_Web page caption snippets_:
════════

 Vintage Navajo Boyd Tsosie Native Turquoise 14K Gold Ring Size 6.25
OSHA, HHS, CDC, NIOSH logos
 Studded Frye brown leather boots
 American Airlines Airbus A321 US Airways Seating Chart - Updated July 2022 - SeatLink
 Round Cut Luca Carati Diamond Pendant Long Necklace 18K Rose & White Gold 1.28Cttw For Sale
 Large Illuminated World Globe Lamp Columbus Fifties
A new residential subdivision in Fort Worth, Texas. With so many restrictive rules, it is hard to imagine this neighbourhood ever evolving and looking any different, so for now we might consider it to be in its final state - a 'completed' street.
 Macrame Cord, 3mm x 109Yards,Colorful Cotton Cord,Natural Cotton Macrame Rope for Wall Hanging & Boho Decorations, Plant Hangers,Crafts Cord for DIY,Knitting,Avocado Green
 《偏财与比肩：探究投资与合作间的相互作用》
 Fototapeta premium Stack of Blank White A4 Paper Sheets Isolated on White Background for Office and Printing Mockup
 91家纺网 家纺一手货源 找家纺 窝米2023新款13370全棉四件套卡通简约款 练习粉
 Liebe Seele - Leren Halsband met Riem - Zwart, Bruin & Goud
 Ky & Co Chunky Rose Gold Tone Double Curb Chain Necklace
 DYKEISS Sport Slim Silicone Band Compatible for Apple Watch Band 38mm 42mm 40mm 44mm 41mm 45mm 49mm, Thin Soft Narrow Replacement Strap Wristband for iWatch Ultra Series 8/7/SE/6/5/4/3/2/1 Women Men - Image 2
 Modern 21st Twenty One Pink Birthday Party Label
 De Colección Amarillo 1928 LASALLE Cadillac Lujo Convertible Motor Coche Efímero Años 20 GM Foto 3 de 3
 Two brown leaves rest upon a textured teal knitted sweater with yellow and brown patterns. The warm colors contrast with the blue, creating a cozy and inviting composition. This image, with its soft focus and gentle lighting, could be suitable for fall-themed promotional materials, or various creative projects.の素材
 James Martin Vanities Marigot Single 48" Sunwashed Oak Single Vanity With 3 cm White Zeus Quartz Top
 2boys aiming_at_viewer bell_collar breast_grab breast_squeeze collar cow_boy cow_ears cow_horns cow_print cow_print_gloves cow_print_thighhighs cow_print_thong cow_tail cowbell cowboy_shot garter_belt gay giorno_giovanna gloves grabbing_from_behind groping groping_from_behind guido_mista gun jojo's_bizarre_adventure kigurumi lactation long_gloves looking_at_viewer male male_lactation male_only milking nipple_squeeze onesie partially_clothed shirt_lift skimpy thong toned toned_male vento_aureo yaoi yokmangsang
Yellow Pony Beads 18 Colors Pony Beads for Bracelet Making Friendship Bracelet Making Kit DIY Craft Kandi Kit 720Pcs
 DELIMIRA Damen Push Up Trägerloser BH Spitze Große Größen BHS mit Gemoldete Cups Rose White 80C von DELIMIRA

════════

_Exercise directions_:
Reproduce every record above, word for word.

_Your solution_:
 Vintage Navajo Boyd Tsosie Native Turquoise 14K Gold Ring Size 6.25
OSHA, HHS, CDC, NIOSH logos
 Studded Frye brown leather boots
 American Airlines Airbus A321 US Airways Seating Chart - Updated July 2022 - SeatLink
 Round Cut Luca Carati Diamond Pendant Long Necklace 18K Rose & White Gold 1.28Cttw For Sale
 Large Illuminated World Globe Lamp Columbus Fifties
A new residential subdivision in Fort Worth, Texas. With so many restrictive rules, it is hard to imagine this neighbourhood ever evolving and looking any different, so for now we might consider it to be in its final state - a 'completed' street.
 Macrame Cord, 3mm x 109Yards,Colorful Cotton Cord,Natural Cotton Macrame Rope for Wall Hanging & Boho Decorations, Plant Hangers,Crafts Cord for DIY,Knitting,Avocado Green
 《偏财与比肩：探究投资与合作间的相互作用》
 Fototapeta premium Stack of Blank White A4 Paper Sheets Isolated on White Background for Office and Printing Mockup
 91家纺网 家纺一手货源 找家纺 窝米2023新款13370全棉四件套卡通简约款 练习粉
 Liebe Seele - Leren Halsband met Riem - Zwart, Bruin & Goud
 Ky & Co Chunky Rose Gold Tone Double Curb Chain Necklace
 DYKEISS Sport Slim Silicone Band Compatible for Apple Watch Band 38mm 42mm 40mm 44mm 41mm 45mm 49mm, Thin Soft Narrow Replacement Strap Wristband for iWatch Ultra Series 8/7/SE/6/5/4/3/2/1 Women Men - Image 2
 Modern 21st Twenty One Pink Birthday Party Label
 De Colección Amarillo 1928 LASALLE Cadillac Lujo Convertible Motor Coche Efímero Años 20 GM Foto 3 de 3
 Two brown leaves rest upon a textured teal knitted sweater with yellow and brown patterns. The warm colors contrast with the blue, creating a cozy and inviting composition. This image, with its soft focus and gentle lighting, could be suitable for fall-themed promotional materials, or various creative projects.の素材
 James Martin Vanities Marigot Single 48" Sunwashed Oak Single Vanity With 3 cm White Zeus Quartz Top
 2boys aiming_at_viewer bell_collar breast_grab breast_squeeze collar cow_boy cow_ears cow_horns cow_print cow_print_gloves cow_print_thighhighs cow_print_thong cow_tail cowbell cowboy_shot garter_belt gay giorno_giovanna gloves grabbing_from_behind groping groping_from_behind guido_mista gun jojo's_bizarre_adventure kigurumi lactation long_gloves looking_at_viewer male male_lactation male_only milking nipple_squeeze onesie partially_clothed shirt_lift skimpy thong toned toned_male vento_aureo yaoi yokmangsang
Yellow Pony Beads 18 Colors Pony Beads for Bracelet Making Friendship Bracelet Making Kit DIY Craft Kandi Kit 720Pcs
 DELIMIRA Damen Push Up Trägerloser BH Spitze Große Größen BHS mit Gemoldete Cups Rose White 80C von DELIMIRA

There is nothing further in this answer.